PRESS ROOM
Quality equities for Europe in 2015
Tuesday 03rd February '15
Viktor Nossek, Director of Research, WisdomTree Europe
Quality equities for Europe in 2015
- Political uncertainty is the main risk in 2015 for European markets
- Fiscal stimulus is EU’s big bazooka to fight deflation
- Bond markets are most at risk, equities less
- Quality, high dividend yielding equities offer better value than bonds
WisdomTree, an exchange-traded fund (“ETF”) and exchange-traded product (“ETP”) sponsor, and pioneer of dividend-weighted smart beta ETFs, today announced its outlook for 2015.
Viktor Nossek, Director of Research for WisdomTree Europe, had this to say:-
Political uncertainty is the main risk in 2015 for European markets
Political uncertainty and ‘structural deflation’ will drive the investment outlook for Europe in 2015. Both are linked and particularly for the Eurozone’s financial markets, pose major risks. First, no tangible recovery of the jobs market looks realistic in 2015, amidst the relentless fiscal tightening by the state and ongoing deleveraging by the private sector. This is set to help populist fringe parties gain further ground in the polls and fuel the political fracturing of the European Union beyond Greece. Setting the political climate of more independence from Brussels, will be the elections in the UK in May and in Spain towards the end of the year.
The risk to financial markets is the confidence in the European Union and by extension, its fiscal union.
Fiscal stimulus is EU’s big bazooka to fight deflation
Second, faced with the fallout in domestic demand and no investment-led growth, the Eurozone’s economy, risks sliding into structural deflation. Against the full scale QE program that exhausts all of the ECB’s stimulus efforts, the markets now depend on Brussels to loosen budget rules and implement scalable investments plans through state funded infra-structure projects to win the fight against deflation. Without fiscal and investment stimulus, the Eurozone is expected to stay in a state of disinflation and at worst, slide deeper into deflation.
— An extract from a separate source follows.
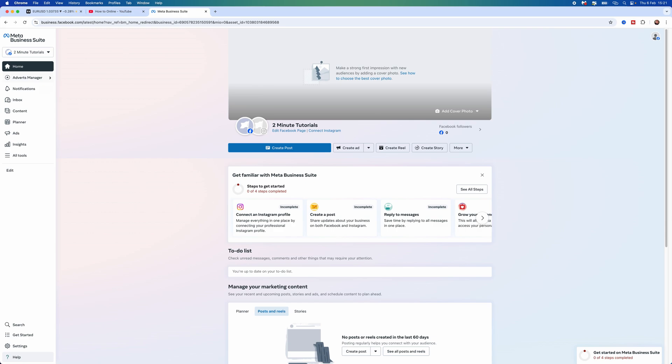So to do this, log in to Meta Business Suite and then head over to the homepage right here. Now, we need to go to the left hand sidebar here, scroll over and select Adverts Manager.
Bond markets are most at risk, equities less
Central to the debate of austerity and fiscal tightening in Europe is Greece, which will seek a renegotiation of the term of its bailout package. The risk of contagion subjects Spain and Italy to potentially more volatility and rising credit spreads, especially if inflation fails to pick up in the periphery and a higher risk of default is being priced in. Such a scenario is likely to further polarize allocations into the safest safe havens and suppress already record low bond yields in Germany and in Europe’s healthier core - deeper into zero, if not negative yields.
Quality equities offer better value than bonds
Against Europe’s increasingly dislocated bond markets; from the negative yields of core European shorter dated sovereigns, to low yields of long dated Southern peripheral sovereigns and IG corporates; to the high yielding but high risk government bonds of Greece, European equity markets off comparatively better value.
Cash rich balance sheets and attractive valuations of European stocks mean prospective dividend yields offer investors an historic unprecedented premium to long dated government bond yields. The export bias and global footprint of corporate Europe furthermore mitigate the equity markets exposure to macro-political risks to which the bond markets will overwhelmingly remain subjected.
Defensive positioning in Europe for 2015 may, ironically, require an allocation shift away from bonds and into equities. Within equities a bias towards quality, high-dividend yielding, broad basket of stocks, is made available with dividend index strategies. This is an investment proposition that investors should consider with the view that political uncertainty and deflation would not dissipate.
Longer term, a recovery of Europe may still be in the cards, given the boost QE, coupled with fiscal stimulus would provide to the economy. Small-cap equities most exposed to the region’s revival would stand to benefit more than export driven large-cap equities. An allocation towards a broad basket of small-cap stocks where screening for dividend payers would take a lot out of the speculative element in small-caps, is a strategy European-based investors should consider - if they want to ride out the uncertainty in 2015 and hold on to their investment over this cycle.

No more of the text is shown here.